Lorelei is a fictional character appearing in American comic books published by Marvel Comics. She is based on the being Lorelei from Germanic mythology.

Lorelei appeared in the first season of the Marvel Cinematic Universe television series Agents of S.H.I.E.L.D. and she was played by Elena Satine.

Publication history
Lorelei first appeared in Thor #337 (November 1983), and was created by Walt Simonson.

She made subsequent appearances in Thor #338-350 (December 1983-December 1984), Thor #354-355 (April–May 1985), #357-359 (July–September 1985), #363 (January 1986), #367-368 (May–June 1986), The Official Handbook of the Marvel Universe vol 2. #7 (June 1986), Thor #383 (September 1987), #398-400 (December 1988-February 1989), #402 (April 1989), Black Knight vol. 2 #3 (August 1990), Thor #438 (November 1991), #440 (December 1991), #476 (July 1994), #485 (April 1995), Journey into Mystery #509-511 (May–August 1997), The Defenders vol. 2 #1-4 (March–June 2001), Loki #1 (January 2004), and Thor: Son of Asgard #5 (June 9, 2004).

Fictional character biography
In Asgard, a bored Loki sees warriors engaged in a forbidden Troll hunt. Lorelei, a beautiful woman, offers to help the troll by hiding it. When she gets close, however, she hoists it in the air, winning the hunt through trickery and impressing the men. Loki invites Lorelei to his castle and, despite Helgi's warnings, she goes with him. The pair trick Sif into leaving; then Loki turns into Thor and the two kiss. When Sif finds them, she is furious; she  strikes them both to the ground and storms out. Lorelei wonders if she has made a mistake, but Loki assures her that she will succeed where her older sister, Amora the Enchantress, has failed.

For the Love of Thor
Loki agrees to take Lorelei to Manhattan to win Thor's love; in exchange Lorelei agrees to travel to a dangerous district in New York City to hypnotize the dragon Fafnir into attacking Thor. Fafnir instead hypnotizes Lorelei, and places her in a trap near the workplace of Thor's alter-ego, Sigurd Jarlson. Thor, as Jarlson, finds and rescues the unconscious Lorelei, and fights Fafnir until the dragon flees. Believing her to be mortal, Thor calls for an ambulance; before she is taken away, Lorelei lets Thor know she is attracted to him and promises to thank him properly when she has recovered. As the ambulance drives off, he realizes he does not know her name.

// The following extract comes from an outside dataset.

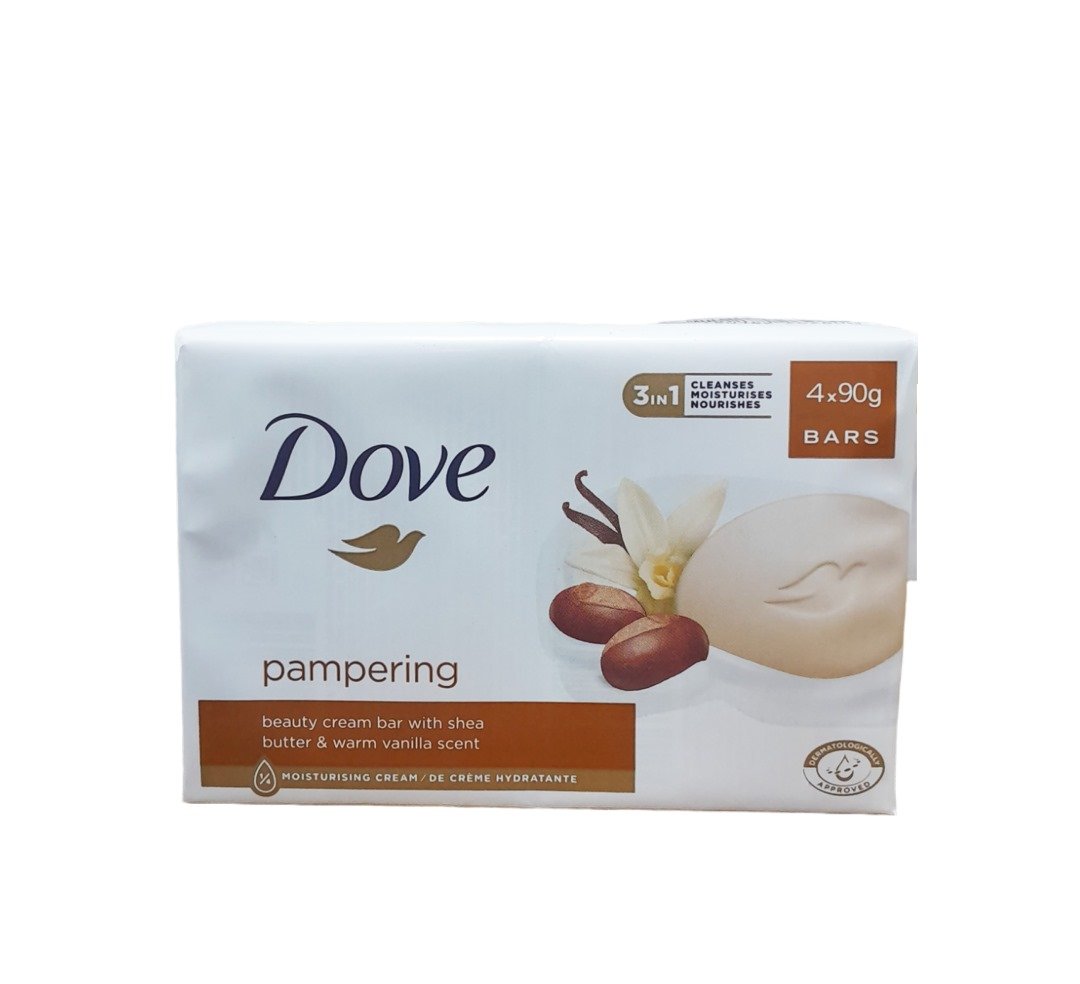 DOVE BAR SOAP 4X90G - KARITE/SHEA V./PAMPERING 1X6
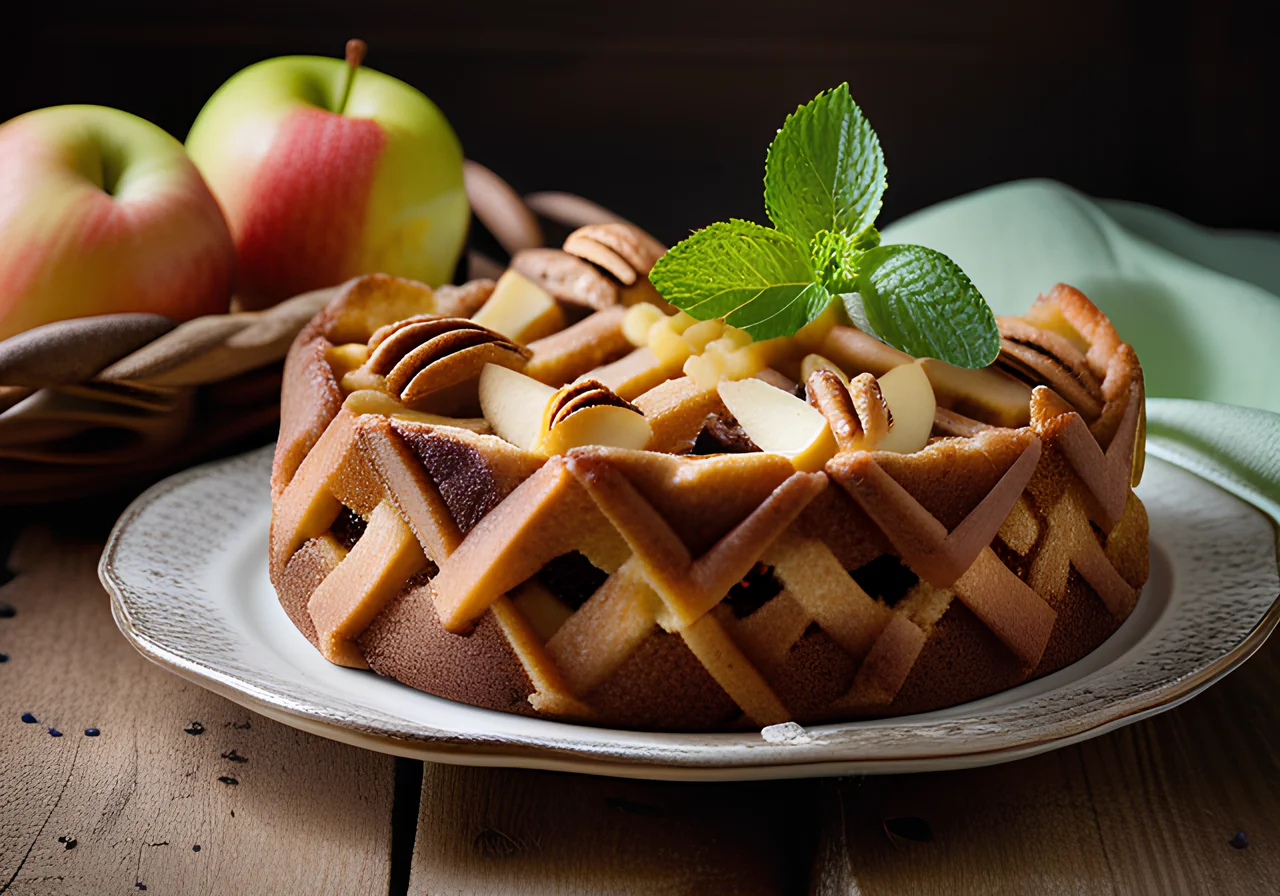 Apple Cake with Raisins and Almonds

Lorelei hears that Fafnir, bent on revenge, is rampaging around New York destroying buildings. Thor arrives, battles and kills Fafnir, and returns home to Jarlson's apartment. Using the name 'Melodi', Lorelei visits Jarlson to thank him for saving her life. She offers him a back rub, and gives him some of her golden mead, a love potion which will cause him to fall in love with the first person he sees. He falls asleep and Lorelei exits the apartment, leaving a note offering to cook dinner for him next weekend.

Melodi and Jarlson go on several dates; none of them end in Jarlson drinking her mead. At her apartment, she is changing into something comfortable when Jarlson takes a phone call and suddenly has to leave, turning into Thor in a nearby alley. Melodi answers a knock on the door and is kidnapped by Malekith the Accursed, ruler of the Dark Elves of Svartalfheim. He leaves a duplicate Melodi in her place. When Thor visits "Melodi", he drinks the mead and falls madly in love with her. Malekith reveals his deception and demands that Thor bring him the Casket of Ancient Winters in exchange for Melodi's return. Thor and his mortal friend Roger Willis storm Malekith's gates to rescue Melodi, but are defeated by Malekith and Algrim.  Malekith takes the casket and Thor is tossed out of the realm. Malekith presents Lorelei to his ally Wormwood and tells him to do with her what he wishes. Thor returns with Willis, defeats Malekith, rescues Lorelei, and then kisses her passionately. Malekith has managed to open the Casket, so with winter raging around them, Thor, Lorelei, and Willis return to Earth. Willis wonders how Melodi recognized Jarlson as Thor; Lorelei kisses Willis, casting a spell on him to stop him from questioning her. She gives Thor more of the mead to drink, but Willis has replaced it with an alternate drink. Meanwhile, in Asgard, Odin notices Lorelei's deception but chooses to ignore it.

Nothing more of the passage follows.